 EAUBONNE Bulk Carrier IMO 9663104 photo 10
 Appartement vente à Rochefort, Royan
:::::
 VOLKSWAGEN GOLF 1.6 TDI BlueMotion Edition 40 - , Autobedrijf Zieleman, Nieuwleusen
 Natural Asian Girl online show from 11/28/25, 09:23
:::::
* Task *
Of all the entries above, output exactly the lines between the one holding "EAUBONNE Bulk Carrier IMO 9663104 photo 10" and the one holding "Appartement vente à Rochefort, Royan", inclusive.

* Exercise output *
 EAUBONNE Bulk Carrier IMO 9663104 photo 10
 Appartement vente à Rochefort, Royan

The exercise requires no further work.